By Dr. Steven J. Hoffman and Dr. Charu Kaushic
Discovering antibiotics in 1928 was among the most significant health advances in history, as it finally equipped humanity with a simple and effective treatment for bacterial infections. Until then, bacterial infections were commonly treated through amputation of the infected body part – and often resulted in death.
For decades, we lived a relatively carefree existence with regard to bacterial infections, knowing that we had readily available antibiotics as a dependable line of defence. Unfortunately, through over-use, our antibiotics are no longer working as they should. The bugs have evolved into superbugs that have grown impervious to our treatments – a process known as antimicrobial resistance.

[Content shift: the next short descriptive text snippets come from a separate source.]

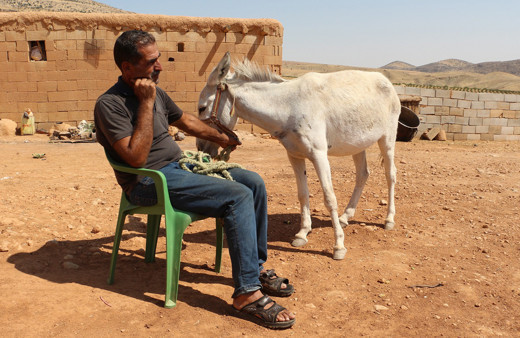 7 taksit şeklinde satın aldığı eşeği kalan 5 taksiti ödeyemediği için elinden alınacak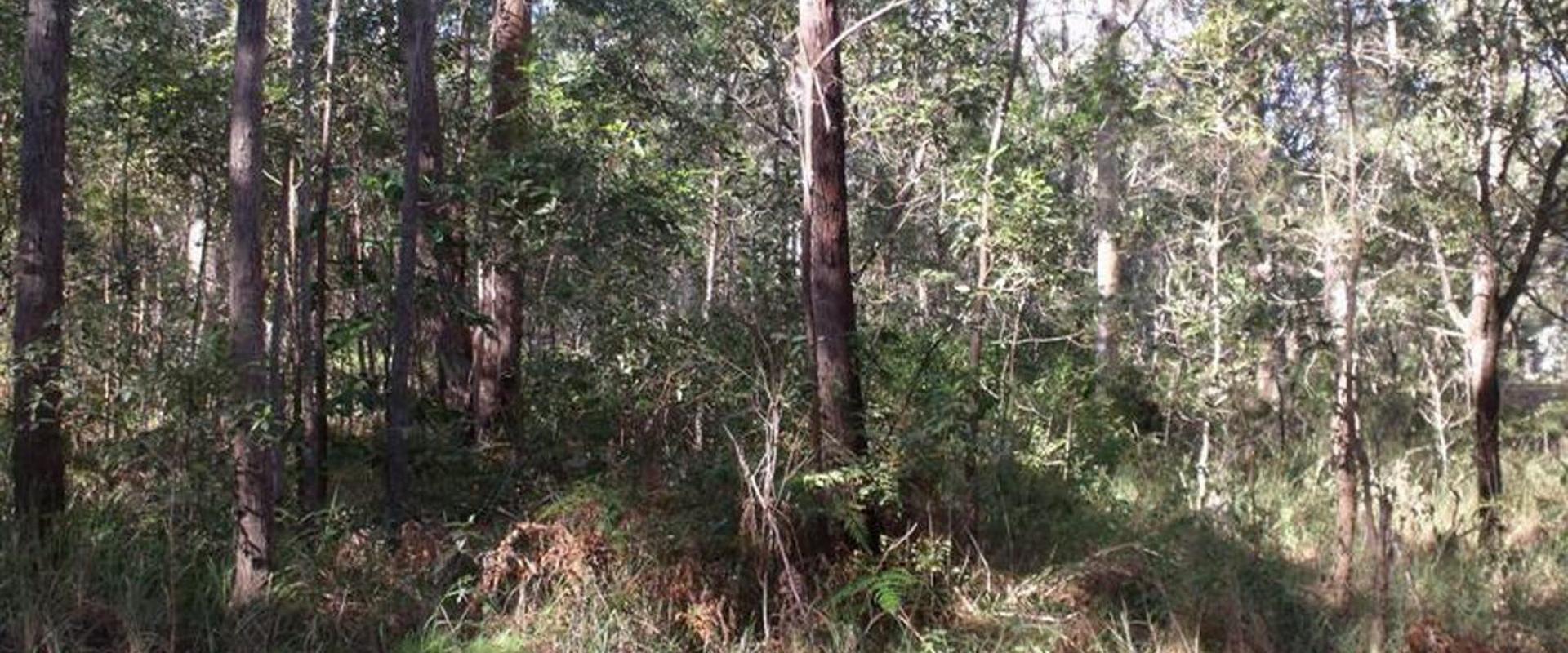 Russell Island Real Estate Under Contract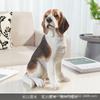Adornos creativos para perros, simulación de animales, artesanías de resina, fortuna, sala de estar, entrada, decoraciones de escritorio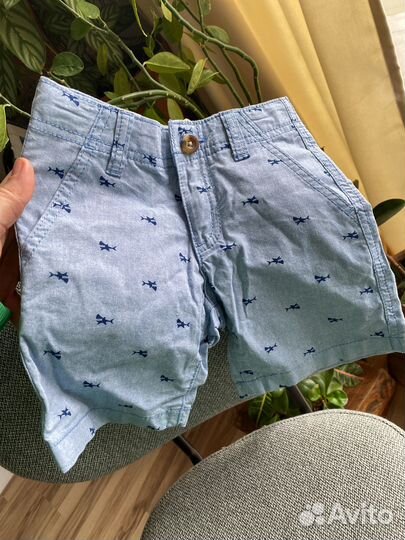 Шорты crazy8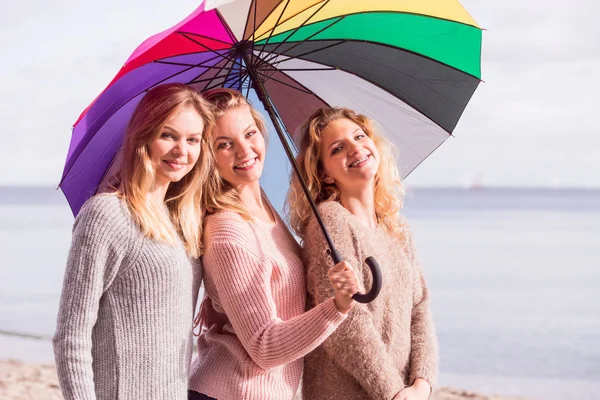아래예쁜 친구들이 유행하는 여성들이 스웨터를 야외에서 시간을 보내는 — 스톡 사진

A typical scenario goes something like this: a patient is admitted to hospital for a medical procedure – say, a hip replacement or mastectomy. Following surgery, the patient develops an infection. The doctor administers antibiotics to treat the infection, but the bacteria have developed immunity to that particular drug. The doctor then tries second, third, or fourth-line treatments in an attempt to stop the infection. In some cases, one of those alternatives works and the patient is saved. In other cases, the infection spreads to the blood, and the patient dies.
According to a new Council of Canadian Academies report, around 26 per cent of bacterial infections in Canada are currently resistant to antibiotics, which caused 5,400 deaths in Canada last year (similar to Alzheimer’s disease), $1.4 billion in extra health care costs, and $2 billion in lost GDP.
But this rate of resistance is increasing. If the rate reaches 40% by 2050 – a likely scenario – that would mean a cumulative 396,000 deaths in Canada from antimicrobial resistance between now and then, along with $120 billion in extra hospital costs and $388 billion in lost GDP.
The time has come for governments around the world to take this threat seriously – and to take serious action – if we are to avert this public health crisis.
Action begins with ensuring access. There are still millions of people around the world who lack access to life-saving antibiotics. In our increasingly interconnected world, this has implications for all of us, as superbugs know no borders, and a drug-resistant microbe in one country is just a flight away from spreading to other countries.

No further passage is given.